» TASK PROMPT: Lift out each line of the data that holds "sector".

Collected data

--- START ---

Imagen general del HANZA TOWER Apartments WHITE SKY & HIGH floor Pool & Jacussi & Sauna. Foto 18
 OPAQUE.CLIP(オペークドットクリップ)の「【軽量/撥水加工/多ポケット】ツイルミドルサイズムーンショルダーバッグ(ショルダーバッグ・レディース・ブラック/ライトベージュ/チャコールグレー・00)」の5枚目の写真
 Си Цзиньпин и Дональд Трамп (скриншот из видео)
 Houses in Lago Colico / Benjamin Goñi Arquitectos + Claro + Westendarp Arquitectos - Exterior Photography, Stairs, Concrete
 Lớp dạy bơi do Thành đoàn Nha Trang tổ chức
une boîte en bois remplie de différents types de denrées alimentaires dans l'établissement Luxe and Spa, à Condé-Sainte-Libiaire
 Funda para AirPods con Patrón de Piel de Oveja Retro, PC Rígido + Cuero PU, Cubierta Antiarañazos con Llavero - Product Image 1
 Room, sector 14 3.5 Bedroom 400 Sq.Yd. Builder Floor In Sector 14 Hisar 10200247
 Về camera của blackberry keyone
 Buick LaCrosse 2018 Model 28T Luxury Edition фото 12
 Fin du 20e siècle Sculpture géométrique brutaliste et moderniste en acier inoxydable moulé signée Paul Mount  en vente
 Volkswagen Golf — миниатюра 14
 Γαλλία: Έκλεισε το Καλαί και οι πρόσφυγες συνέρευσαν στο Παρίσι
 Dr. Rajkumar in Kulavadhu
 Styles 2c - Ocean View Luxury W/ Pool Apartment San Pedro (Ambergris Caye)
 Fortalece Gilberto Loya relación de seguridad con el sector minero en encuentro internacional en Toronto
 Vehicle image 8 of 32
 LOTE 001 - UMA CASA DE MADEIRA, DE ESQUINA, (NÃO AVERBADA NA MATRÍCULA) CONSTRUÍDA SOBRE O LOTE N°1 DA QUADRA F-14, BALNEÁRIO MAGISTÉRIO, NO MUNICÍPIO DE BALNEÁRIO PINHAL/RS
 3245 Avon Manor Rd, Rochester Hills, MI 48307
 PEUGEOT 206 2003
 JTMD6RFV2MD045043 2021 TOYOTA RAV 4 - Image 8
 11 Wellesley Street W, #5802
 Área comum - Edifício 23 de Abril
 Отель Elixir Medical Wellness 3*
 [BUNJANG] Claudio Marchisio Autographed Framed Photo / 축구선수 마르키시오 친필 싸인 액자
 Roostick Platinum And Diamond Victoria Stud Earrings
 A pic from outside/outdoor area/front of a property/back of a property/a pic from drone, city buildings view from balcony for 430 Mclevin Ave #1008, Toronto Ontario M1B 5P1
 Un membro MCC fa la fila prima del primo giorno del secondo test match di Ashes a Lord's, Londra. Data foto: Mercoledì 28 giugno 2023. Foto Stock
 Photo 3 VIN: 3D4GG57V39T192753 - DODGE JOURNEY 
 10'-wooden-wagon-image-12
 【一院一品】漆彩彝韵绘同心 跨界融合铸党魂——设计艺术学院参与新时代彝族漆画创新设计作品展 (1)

--- END ---

» FINAL ANSWER:
 Room, sector 14 3.5 Bedroom 400 Sq.Yd. Builder Floor In Sector 14 Hisar 10200247
 Fortalece Gilberto Loya relación de seguridad con el sector minero en encuentro internacional en Toronto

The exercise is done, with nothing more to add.